What needs to be done>
Take each line of the material that includes "item" and copy it.

Supplied entries>

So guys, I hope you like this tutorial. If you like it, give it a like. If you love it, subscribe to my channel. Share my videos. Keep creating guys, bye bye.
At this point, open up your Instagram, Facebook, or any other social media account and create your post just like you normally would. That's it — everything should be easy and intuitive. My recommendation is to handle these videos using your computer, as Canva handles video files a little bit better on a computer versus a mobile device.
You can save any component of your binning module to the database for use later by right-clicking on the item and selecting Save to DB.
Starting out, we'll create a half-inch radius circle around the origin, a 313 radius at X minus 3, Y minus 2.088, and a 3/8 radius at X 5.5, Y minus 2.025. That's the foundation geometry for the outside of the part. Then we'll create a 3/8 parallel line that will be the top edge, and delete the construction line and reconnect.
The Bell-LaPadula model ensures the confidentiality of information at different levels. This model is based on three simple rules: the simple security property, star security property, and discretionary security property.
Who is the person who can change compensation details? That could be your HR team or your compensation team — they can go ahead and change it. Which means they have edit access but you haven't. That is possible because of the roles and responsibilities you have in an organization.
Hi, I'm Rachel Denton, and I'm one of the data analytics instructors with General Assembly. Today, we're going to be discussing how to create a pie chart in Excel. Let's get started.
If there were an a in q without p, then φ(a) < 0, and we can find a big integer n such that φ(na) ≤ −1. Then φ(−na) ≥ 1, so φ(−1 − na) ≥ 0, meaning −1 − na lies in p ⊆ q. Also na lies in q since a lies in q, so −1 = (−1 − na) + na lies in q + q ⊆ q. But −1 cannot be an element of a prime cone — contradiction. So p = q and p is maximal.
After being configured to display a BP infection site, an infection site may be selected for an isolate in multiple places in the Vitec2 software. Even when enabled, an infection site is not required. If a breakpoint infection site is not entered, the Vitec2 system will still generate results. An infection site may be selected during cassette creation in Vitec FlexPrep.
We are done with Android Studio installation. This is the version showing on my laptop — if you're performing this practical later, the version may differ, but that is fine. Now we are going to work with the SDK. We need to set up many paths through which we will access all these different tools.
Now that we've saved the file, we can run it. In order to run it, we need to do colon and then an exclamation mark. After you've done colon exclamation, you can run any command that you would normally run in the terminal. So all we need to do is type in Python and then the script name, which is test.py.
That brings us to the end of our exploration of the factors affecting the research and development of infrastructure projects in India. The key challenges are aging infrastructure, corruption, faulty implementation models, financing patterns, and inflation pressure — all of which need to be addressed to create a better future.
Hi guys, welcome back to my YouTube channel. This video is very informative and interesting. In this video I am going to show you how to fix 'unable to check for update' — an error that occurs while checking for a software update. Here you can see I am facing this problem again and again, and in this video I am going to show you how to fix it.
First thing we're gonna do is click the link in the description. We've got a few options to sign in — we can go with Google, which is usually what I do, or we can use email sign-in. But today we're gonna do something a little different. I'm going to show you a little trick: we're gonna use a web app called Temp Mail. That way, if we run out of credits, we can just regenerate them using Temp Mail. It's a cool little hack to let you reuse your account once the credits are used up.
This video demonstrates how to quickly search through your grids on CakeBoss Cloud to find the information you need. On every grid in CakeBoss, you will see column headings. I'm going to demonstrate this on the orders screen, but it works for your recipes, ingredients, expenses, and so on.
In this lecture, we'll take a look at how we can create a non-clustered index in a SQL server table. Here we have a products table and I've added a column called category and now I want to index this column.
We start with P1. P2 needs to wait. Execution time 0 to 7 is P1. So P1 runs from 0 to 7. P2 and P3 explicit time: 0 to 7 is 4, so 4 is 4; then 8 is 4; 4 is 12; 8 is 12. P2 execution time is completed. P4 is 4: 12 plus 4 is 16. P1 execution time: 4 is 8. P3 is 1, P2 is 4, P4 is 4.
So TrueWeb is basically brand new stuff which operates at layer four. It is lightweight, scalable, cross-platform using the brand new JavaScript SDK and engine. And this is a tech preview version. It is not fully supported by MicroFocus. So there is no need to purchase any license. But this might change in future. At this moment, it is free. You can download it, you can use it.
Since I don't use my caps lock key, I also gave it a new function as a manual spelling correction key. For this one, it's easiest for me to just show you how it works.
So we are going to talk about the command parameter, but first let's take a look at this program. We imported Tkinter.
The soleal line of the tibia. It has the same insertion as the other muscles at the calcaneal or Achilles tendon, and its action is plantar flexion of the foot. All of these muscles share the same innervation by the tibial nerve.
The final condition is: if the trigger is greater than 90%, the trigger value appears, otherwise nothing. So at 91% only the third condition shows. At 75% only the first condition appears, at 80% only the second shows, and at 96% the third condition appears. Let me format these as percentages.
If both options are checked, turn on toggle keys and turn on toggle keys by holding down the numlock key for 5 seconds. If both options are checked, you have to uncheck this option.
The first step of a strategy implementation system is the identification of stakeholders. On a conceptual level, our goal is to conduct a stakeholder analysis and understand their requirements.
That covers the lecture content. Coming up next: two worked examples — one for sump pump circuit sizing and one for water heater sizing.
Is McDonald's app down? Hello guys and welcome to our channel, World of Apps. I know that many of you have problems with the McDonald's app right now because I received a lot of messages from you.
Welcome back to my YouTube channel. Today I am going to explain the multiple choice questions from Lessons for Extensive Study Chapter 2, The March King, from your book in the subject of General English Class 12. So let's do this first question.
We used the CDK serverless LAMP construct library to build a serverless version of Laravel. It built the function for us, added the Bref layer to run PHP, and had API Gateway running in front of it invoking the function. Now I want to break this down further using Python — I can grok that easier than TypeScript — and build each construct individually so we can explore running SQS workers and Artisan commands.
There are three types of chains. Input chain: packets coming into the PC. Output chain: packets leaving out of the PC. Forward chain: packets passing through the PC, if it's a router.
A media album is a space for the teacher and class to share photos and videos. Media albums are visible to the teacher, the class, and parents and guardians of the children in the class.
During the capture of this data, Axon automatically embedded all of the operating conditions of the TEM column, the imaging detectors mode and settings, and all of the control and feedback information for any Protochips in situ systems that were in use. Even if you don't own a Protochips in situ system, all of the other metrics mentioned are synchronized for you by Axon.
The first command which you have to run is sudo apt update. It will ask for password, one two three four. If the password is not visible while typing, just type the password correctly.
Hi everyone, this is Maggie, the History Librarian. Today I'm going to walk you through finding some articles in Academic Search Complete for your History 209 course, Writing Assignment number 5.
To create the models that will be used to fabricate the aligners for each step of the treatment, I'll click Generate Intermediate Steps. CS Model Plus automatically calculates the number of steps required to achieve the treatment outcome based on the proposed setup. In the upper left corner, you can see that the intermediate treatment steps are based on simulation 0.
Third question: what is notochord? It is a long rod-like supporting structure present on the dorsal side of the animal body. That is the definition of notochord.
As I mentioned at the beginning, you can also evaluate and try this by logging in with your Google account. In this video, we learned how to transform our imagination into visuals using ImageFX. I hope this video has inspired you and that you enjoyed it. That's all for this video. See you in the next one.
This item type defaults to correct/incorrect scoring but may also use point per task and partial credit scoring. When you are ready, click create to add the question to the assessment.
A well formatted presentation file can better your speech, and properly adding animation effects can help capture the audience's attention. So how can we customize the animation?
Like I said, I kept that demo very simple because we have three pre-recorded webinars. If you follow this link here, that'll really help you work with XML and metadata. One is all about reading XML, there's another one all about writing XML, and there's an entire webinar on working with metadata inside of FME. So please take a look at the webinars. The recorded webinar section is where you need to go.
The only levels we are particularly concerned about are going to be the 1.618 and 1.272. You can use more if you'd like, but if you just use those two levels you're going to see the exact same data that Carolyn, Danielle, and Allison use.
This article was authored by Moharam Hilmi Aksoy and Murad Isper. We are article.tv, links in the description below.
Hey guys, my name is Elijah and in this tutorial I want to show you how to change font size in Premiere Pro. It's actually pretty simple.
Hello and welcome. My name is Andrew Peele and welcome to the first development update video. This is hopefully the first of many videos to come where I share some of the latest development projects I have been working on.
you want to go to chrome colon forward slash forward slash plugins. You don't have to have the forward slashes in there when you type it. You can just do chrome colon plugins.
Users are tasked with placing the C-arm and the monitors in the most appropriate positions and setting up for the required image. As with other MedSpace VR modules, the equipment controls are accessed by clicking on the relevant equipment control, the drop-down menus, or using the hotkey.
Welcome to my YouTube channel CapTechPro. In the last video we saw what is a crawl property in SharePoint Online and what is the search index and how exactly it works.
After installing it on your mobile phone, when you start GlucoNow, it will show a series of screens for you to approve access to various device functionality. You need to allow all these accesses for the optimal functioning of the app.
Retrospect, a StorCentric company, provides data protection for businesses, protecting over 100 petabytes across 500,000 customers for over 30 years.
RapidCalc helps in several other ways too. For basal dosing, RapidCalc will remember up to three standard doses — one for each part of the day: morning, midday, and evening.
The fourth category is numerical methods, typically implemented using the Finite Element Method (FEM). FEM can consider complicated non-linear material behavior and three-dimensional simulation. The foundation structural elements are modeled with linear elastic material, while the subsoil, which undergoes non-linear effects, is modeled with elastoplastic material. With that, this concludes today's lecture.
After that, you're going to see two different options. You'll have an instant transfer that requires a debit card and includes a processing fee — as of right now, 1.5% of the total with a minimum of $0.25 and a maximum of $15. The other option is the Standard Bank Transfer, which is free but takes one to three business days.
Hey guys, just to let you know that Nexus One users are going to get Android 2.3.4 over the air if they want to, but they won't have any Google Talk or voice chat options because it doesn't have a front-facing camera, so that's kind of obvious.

Result below>
You can save any component of your binning module to the database for use later by right-clicking on the item and selecting Save to DB.
This item type defaults to correct/incorrect scoring but may also use point per task and partial credit scoring. When you are ready, click create to add the question to the assessment.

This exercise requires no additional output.